Knowing how things are the same and how they are different is an important skill to have. There are many times different newspaper reporters will write about an event, and you will wonder if they were at the same place covering the same thing. One reporter will think one thing is important, and another reporter will think something else is important. For example, when the Detroit Tigers beat the Chicago White Sox 14-4 recently, the Detroit Free Press writer focused on how well the hitter Ryan Raburn did. On the other hand, the writer from the Chicago Tribune wrote about White Sox batting coach Greg Walker. The same is true with football game coverage. The sports writers from the Arizona Republic and the Charlotte Observer had two very different takes on the Arizona Cardinals' win over the Carolina Panthers. Search your newspaper for two sports stories about the same event. Draw pictures of how the stories are different and how they are the same.

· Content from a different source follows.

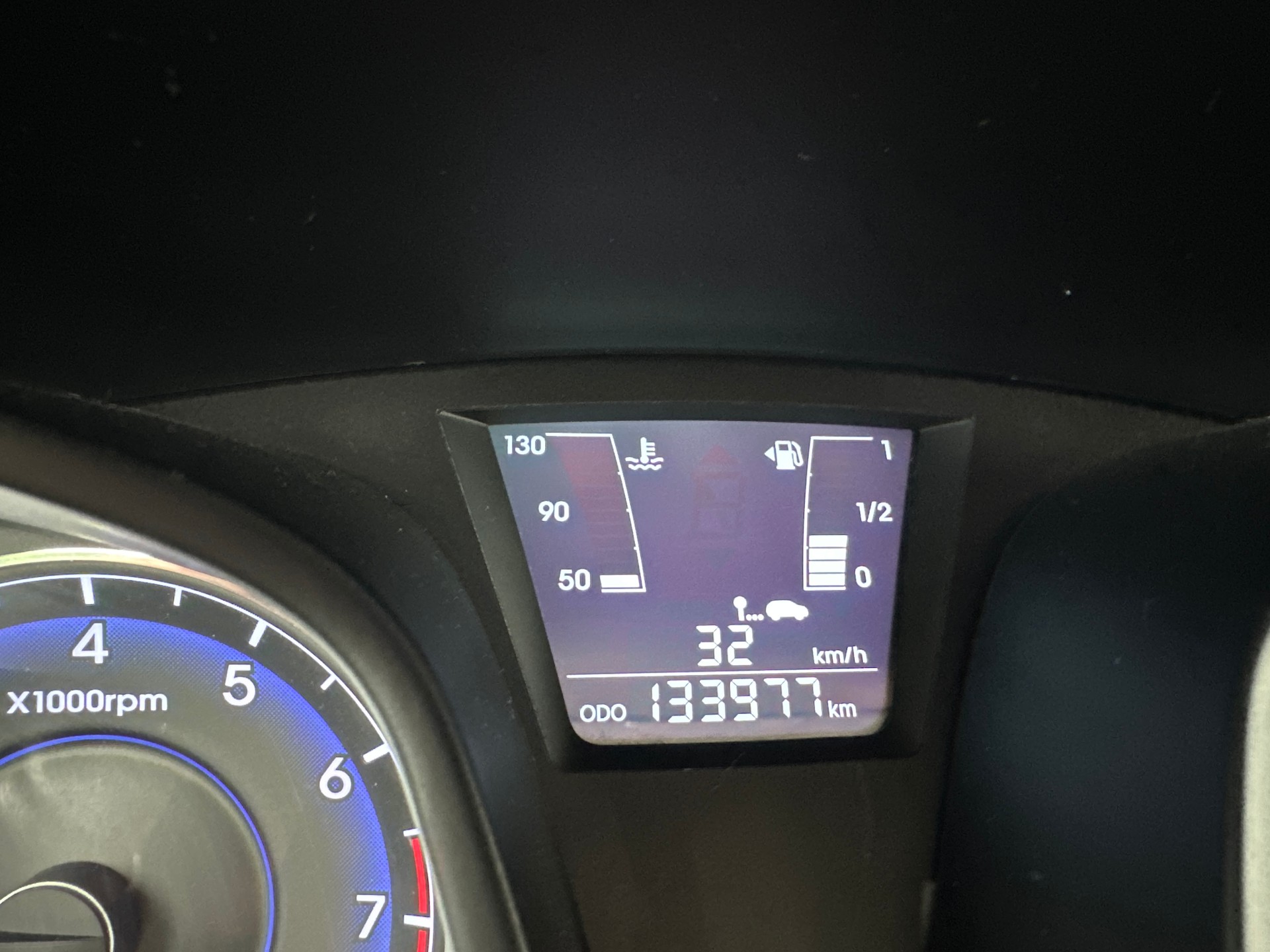 HYUNDAI iX20 1.6 Premium-image-13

Core Standard: Comparing and contrasting the most important points presented by two texts on the same topic.
4. Picture Perfect
A close-up picture of chef Phil Jones wearing a bright blue-and-yellow T-shirt was featured in the Life section of the Detroit Free Press recently. Another picture showed him grating cheese onto appetizers. The story was about food, but it really was about more than that. The caption on the first picture told us that he is the manager at a restaurant called Colors, and that the soon-to-be-opened eatery has a special program to teach people how to become better chefs. Pictures and captions are an important part of a newspaper. Often, they are what draw readers to stories. Search your newspaper for a photograph that catches your eye and calls attention to a story. Cut or print out the photo and story and talk with your class about why the picture and caption made you want to read the story. Explain what the story is about to your friends.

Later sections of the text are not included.